*Goal of the exercise:* Each line below from the one containing "baby，杜海涛跳外星人劫持舞，可爱中掺着些许迷惑。" through the one containing "1960's Peruvian Sterling" is to be given again exactly, and no line outside that span.

*Records to use:*
◆ ◆ ◆ ◆ ◆ ◆ ◆
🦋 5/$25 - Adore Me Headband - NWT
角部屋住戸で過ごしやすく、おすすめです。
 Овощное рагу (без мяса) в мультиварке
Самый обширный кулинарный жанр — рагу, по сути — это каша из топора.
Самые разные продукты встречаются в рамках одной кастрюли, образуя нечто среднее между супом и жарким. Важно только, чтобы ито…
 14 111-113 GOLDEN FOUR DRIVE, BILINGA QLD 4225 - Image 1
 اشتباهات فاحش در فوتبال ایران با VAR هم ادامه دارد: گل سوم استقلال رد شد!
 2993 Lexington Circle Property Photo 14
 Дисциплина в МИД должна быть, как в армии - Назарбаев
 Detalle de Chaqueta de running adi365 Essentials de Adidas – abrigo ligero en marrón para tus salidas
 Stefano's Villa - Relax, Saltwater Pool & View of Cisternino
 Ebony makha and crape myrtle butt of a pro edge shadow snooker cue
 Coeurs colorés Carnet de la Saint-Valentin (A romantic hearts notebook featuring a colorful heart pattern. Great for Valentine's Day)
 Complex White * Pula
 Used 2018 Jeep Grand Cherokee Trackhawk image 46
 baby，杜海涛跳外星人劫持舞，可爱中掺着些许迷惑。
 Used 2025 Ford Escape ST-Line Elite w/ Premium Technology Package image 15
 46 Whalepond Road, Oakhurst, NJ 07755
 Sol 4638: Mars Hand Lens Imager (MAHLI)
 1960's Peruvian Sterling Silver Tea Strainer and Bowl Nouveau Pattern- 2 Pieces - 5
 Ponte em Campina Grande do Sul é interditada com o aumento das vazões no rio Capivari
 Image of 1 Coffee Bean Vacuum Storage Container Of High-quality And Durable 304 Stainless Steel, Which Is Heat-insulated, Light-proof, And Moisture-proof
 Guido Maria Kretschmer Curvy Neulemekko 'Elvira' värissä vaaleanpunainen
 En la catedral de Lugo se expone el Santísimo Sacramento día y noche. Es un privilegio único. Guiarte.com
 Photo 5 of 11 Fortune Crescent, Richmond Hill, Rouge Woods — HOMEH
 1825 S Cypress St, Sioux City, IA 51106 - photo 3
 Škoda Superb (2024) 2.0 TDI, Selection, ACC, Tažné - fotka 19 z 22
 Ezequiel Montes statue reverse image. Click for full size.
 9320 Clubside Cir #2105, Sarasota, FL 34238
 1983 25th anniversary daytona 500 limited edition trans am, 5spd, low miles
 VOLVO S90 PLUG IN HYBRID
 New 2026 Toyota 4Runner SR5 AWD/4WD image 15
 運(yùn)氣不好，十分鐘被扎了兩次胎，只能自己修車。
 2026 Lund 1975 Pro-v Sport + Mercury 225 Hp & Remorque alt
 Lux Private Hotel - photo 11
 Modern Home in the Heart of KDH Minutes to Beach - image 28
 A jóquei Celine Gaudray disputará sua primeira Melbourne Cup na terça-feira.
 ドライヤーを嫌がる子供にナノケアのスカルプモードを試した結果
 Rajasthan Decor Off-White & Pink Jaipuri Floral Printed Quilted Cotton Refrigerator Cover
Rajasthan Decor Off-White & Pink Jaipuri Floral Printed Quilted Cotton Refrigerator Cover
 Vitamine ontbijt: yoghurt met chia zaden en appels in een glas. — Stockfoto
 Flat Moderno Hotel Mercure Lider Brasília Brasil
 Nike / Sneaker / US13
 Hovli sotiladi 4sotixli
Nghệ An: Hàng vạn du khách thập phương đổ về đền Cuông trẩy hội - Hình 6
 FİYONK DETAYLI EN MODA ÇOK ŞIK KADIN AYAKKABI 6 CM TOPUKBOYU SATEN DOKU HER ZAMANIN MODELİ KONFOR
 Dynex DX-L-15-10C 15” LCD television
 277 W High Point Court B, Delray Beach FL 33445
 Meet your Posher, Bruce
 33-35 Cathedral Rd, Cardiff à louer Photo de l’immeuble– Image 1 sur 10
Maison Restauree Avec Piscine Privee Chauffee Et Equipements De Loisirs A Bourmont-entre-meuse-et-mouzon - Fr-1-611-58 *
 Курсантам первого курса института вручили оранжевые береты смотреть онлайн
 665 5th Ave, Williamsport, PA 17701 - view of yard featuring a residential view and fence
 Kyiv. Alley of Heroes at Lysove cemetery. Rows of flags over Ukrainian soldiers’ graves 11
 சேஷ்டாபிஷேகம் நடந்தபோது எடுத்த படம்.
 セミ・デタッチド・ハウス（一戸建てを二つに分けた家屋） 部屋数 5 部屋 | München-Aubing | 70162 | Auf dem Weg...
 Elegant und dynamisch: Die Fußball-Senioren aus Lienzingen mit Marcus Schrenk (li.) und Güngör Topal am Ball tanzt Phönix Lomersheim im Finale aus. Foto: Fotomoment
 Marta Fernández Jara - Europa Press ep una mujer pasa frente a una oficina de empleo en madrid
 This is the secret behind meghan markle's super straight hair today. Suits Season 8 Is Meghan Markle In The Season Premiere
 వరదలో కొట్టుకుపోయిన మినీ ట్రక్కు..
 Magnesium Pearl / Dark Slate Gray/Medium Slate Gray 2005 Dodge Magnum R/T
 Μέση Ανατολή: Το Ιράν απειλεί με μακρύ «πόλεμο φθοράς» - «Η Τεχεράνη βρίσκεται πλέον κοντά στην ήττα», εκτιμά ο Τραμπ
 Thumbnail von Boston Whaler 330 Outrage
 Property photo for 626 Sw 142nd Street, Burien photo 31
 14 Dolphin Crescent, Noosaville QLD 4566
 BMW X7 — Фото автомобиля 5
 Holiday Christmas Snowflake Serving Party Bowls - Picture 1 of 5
◆ ◆ ◆ ◆ ◆ ◆ ◆
*Your solution:*
 baby，杜海涛跳外星人劫持舞，可爱中掺着些许迷惑。
 Used 2025 Ford Escape ST-Line Elite w/ Premium Technology Package image 15
 46 Whalepond Road, Oakhurst, NJ 07755
 Sol 4638: Mars Hand Lens Imager (MAHLI)
 1960's Peruvian Sterling Silver Tea Strainer and Bowl Nouveau Pattern- 2 Pieces - 5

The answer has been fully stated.